Input records →

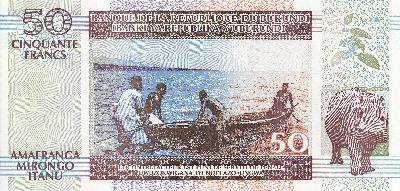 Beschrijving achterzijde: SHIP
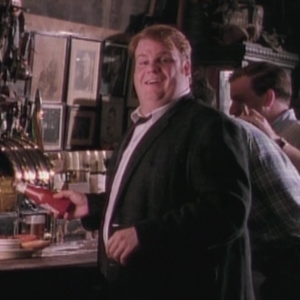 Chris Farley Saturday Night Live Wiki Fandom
==
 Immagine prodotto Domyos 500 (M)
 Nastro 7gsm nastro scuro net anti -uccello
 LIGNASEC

Task directions → Copy word for word the lines above, starting at the line containing "Beschrijving achterzijde: SHIP" and ending at the line containing "Chris Farley Saturday Night Live Wiki Fandom", inclusive, with no pictures.

Task result →
 Beschrijving achterzijde: SHIP
 Chris Farley Saturday Night Live Wiki Fandom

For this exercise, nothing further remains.